(Records contained in a dataset)

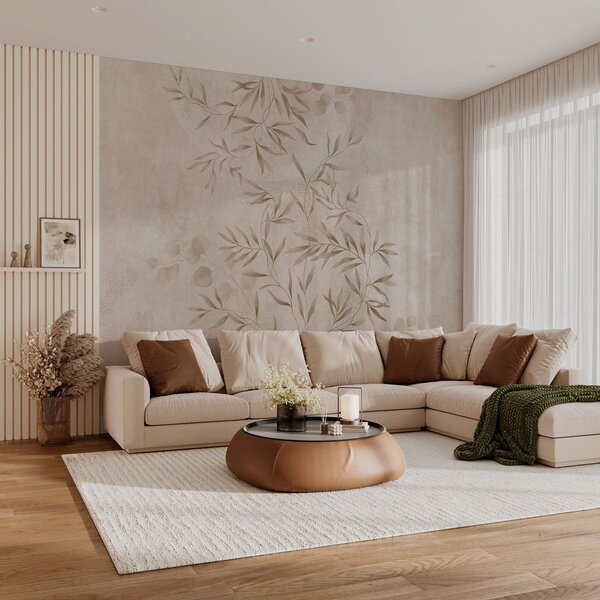 Fototapety Wzór roślinny w odcieniach beżu i brązu, Fototapety Akwarele, w05424v2 : Uwalls.pl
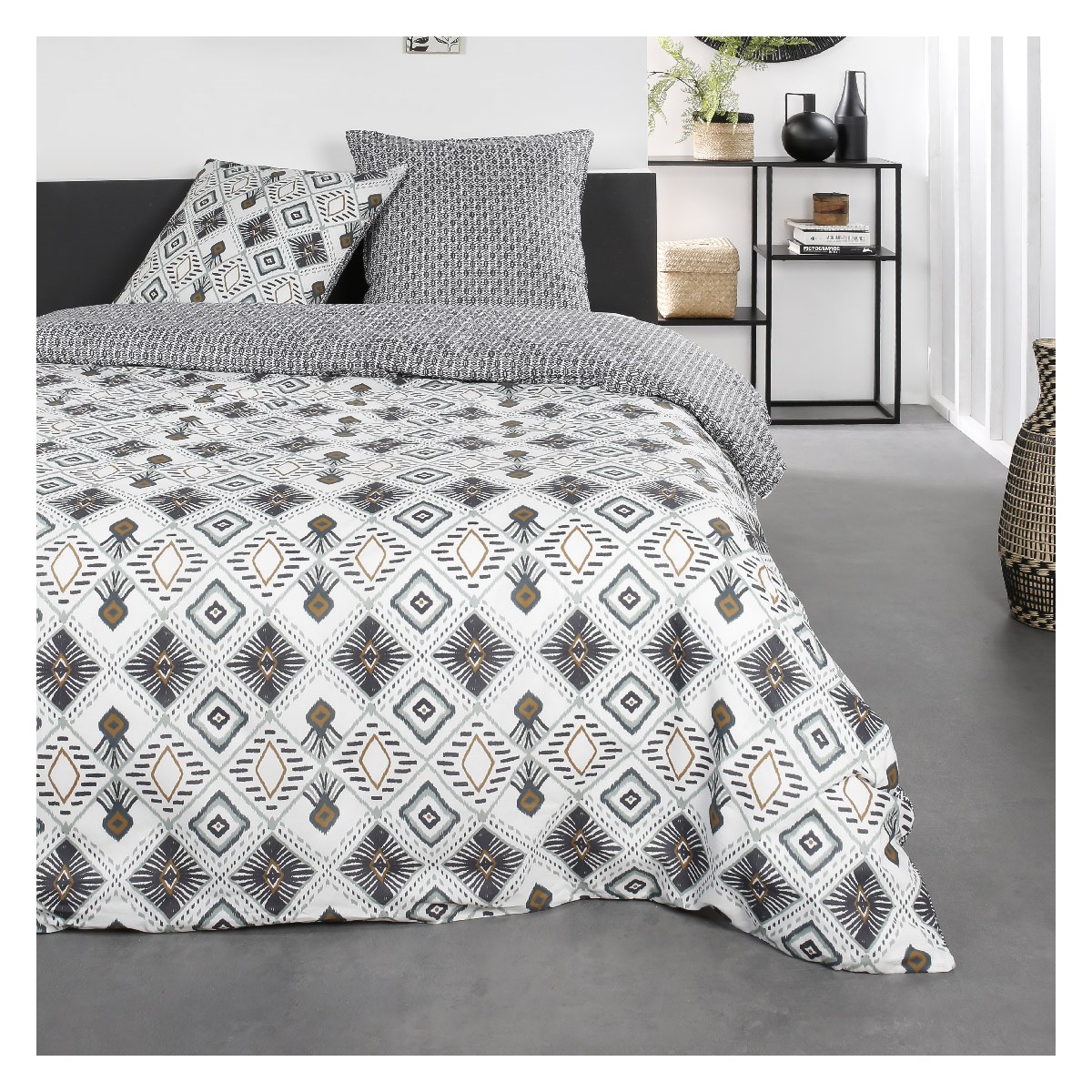 Printed cotton bedding set TODAY LINGE DE MAISON White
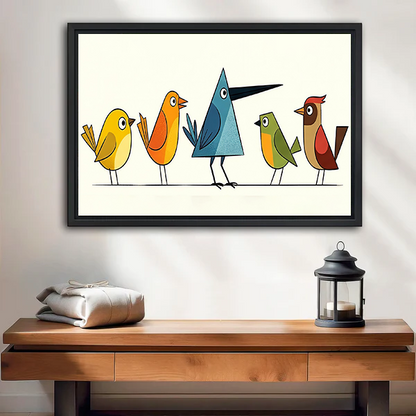 Gallery-wrapped geometric birds canvas wall art above a wooden console table, featuring five colorful birds on cream.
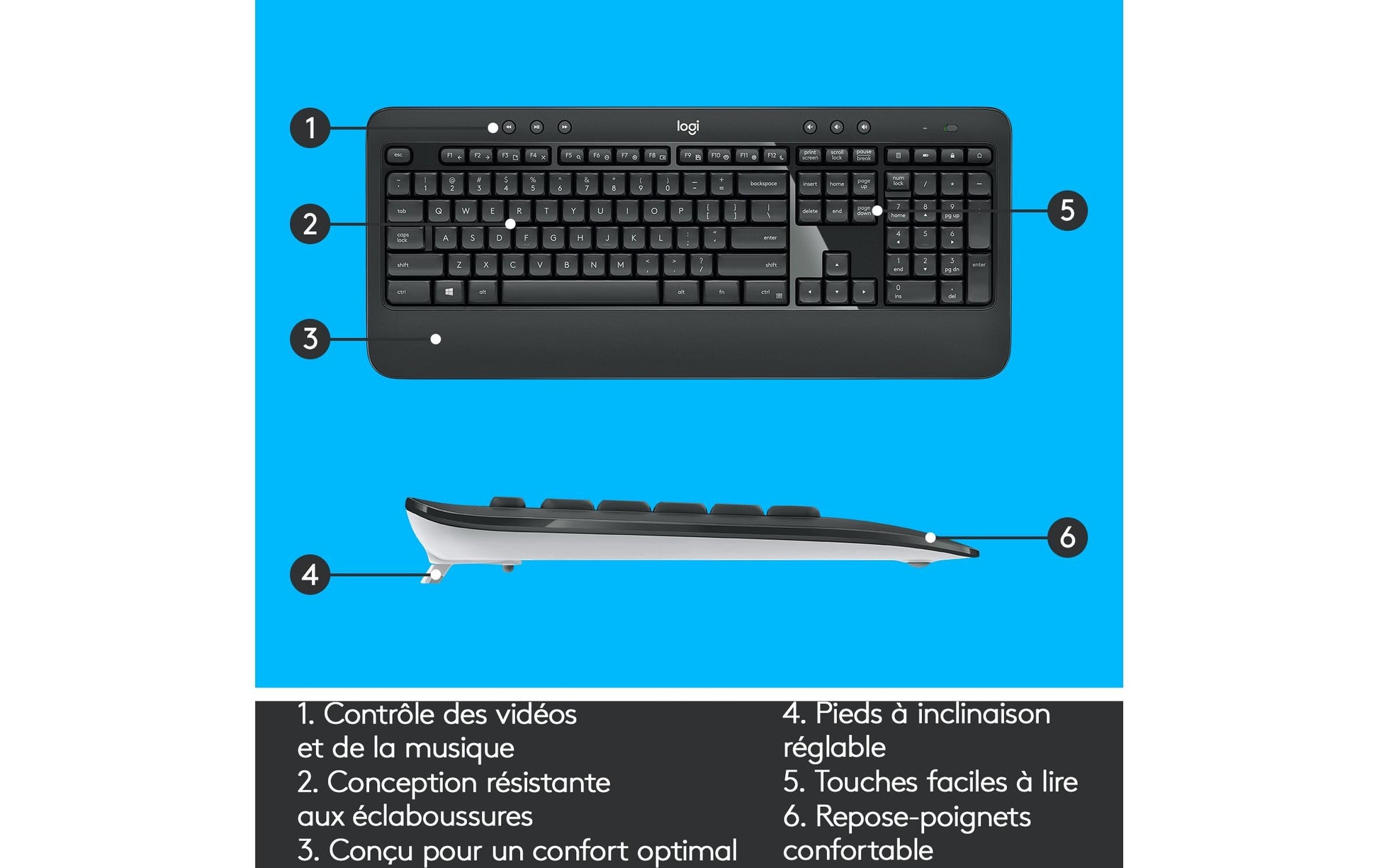 Logitech MK540 – Tastatur, kabellos (2,4 GHz), US-Layout (EN), Fullsize (mit Ziffernblock)
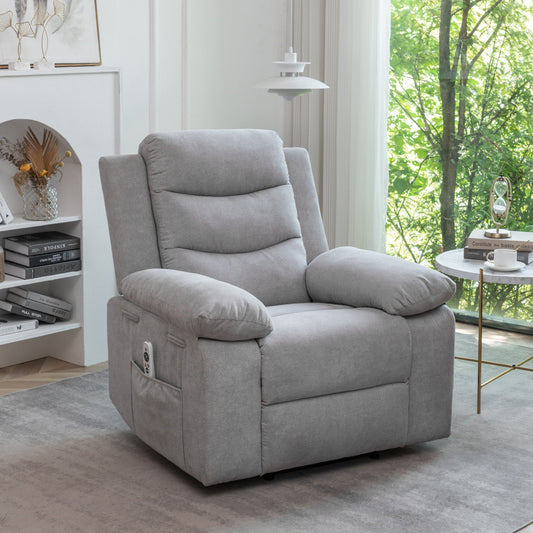 Ergonomic Electric Recliner Chair Velvet Single Sofa Recliner Chair with 8 Point Vibration Massage, Heating and Side Pocket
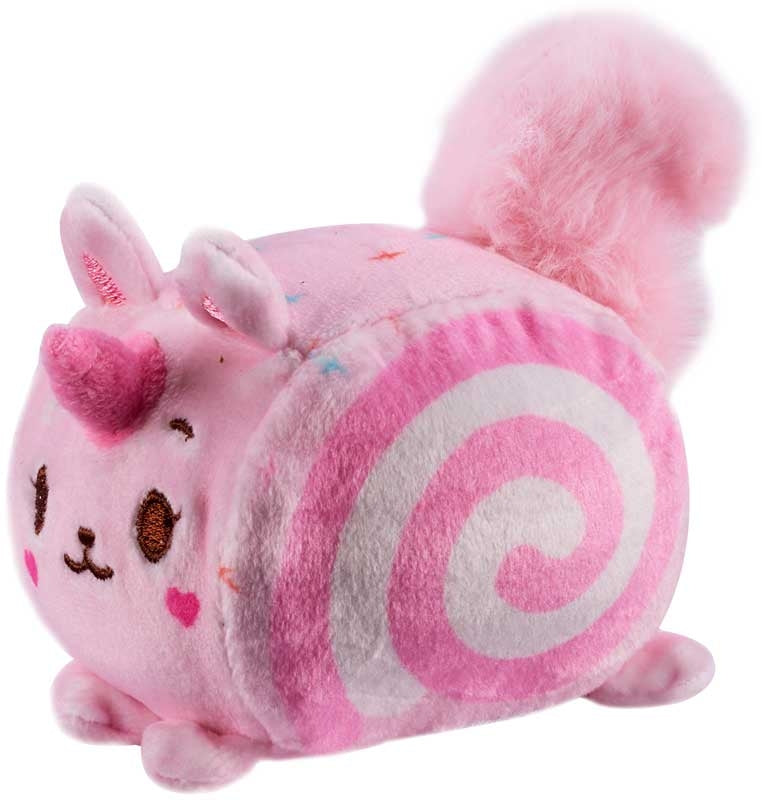Pink plush toy with a spiral design on a white background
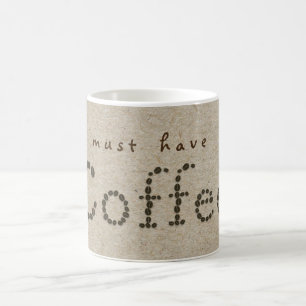 KOFFIE-boontypografie, natuurlijk kraftpapier mok
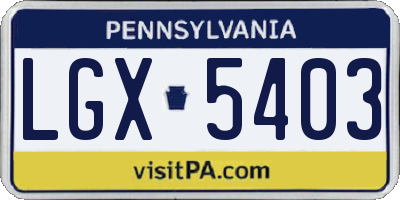 PA license plate LGX5403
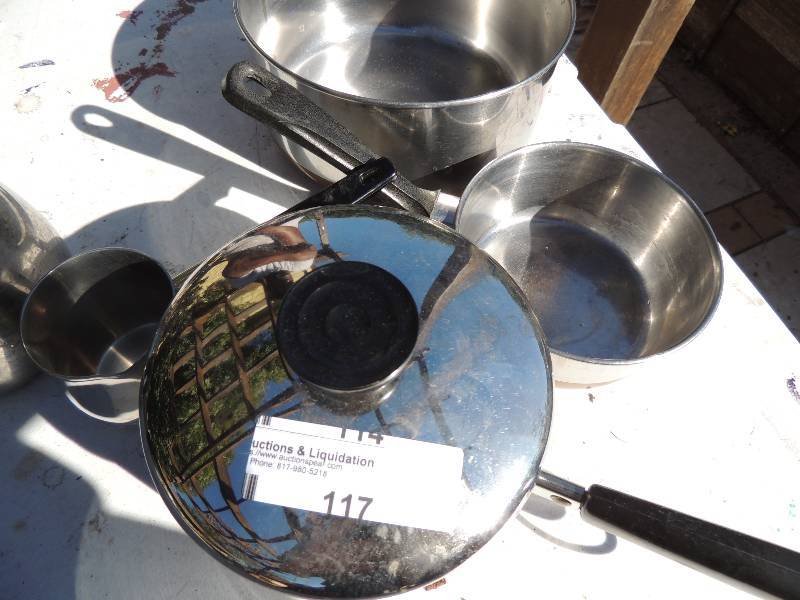 lot 117 image: Revere ware saucepans, gravy server, milk steamer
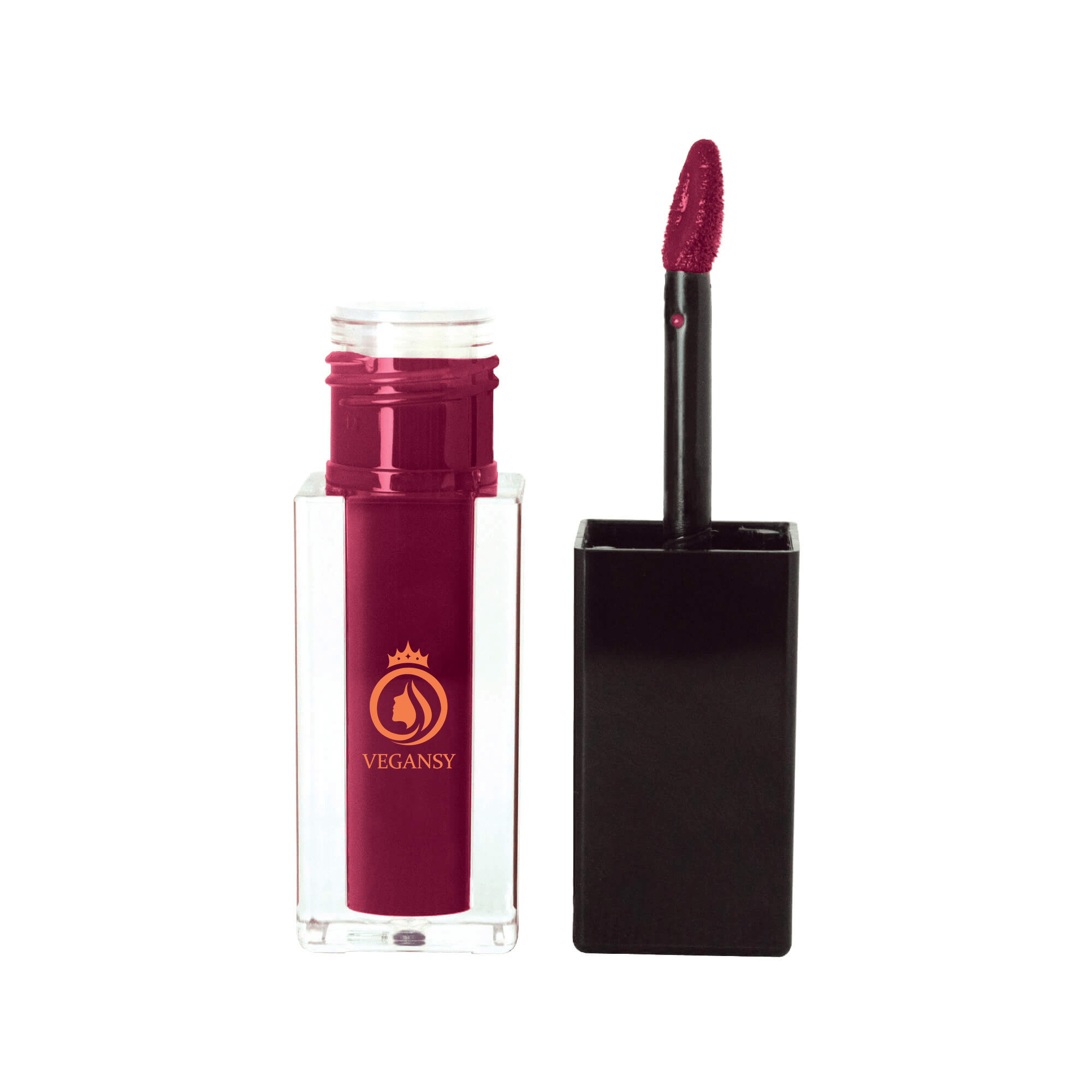 A tube of Blackberry Wine matte lip stain showcasing its rich, deep color and high-precision doe-shaped applicator.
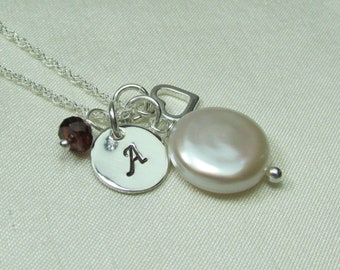 Initial Necklace Personalized Necklace for Mom Birthstone Necklace Monogram Mothers Necklace Coin Pearl Necklace Personalized Jewelry Gift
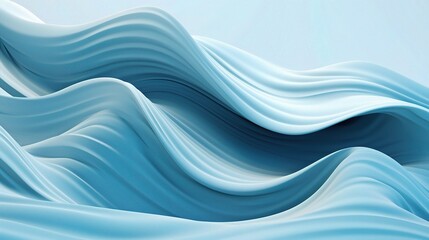Obraz premium Abstract 3D Waves in Soft Blue Tones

# Exercise
Repeat word for word the lines beginning at the one with "KOFFIE-boontypografie, natuurlijk kraftpapier" and ending at the final line of the records above, both included, and no others. Leave the pictures out.

# Task solution
 KOFFIE-boontypografie, natuurlijk kraftpapier mok
 PA license plate LGX5403
 lot 117 image: Revere ware saucepans, gravy server, milk steamer
 A tube of Blackberry Wine matte lip stain showcasing its rich, deep color and high-precision doe-shaped applicator.
 Initial Necklace Personalized Necklace for Mom Birthstone Necklace Monogram Mothers Necklace Coin Pearl Necklace Personalized Jewelry Gift
Obraz premium Abstract 3D Waves in Soft Blue Tones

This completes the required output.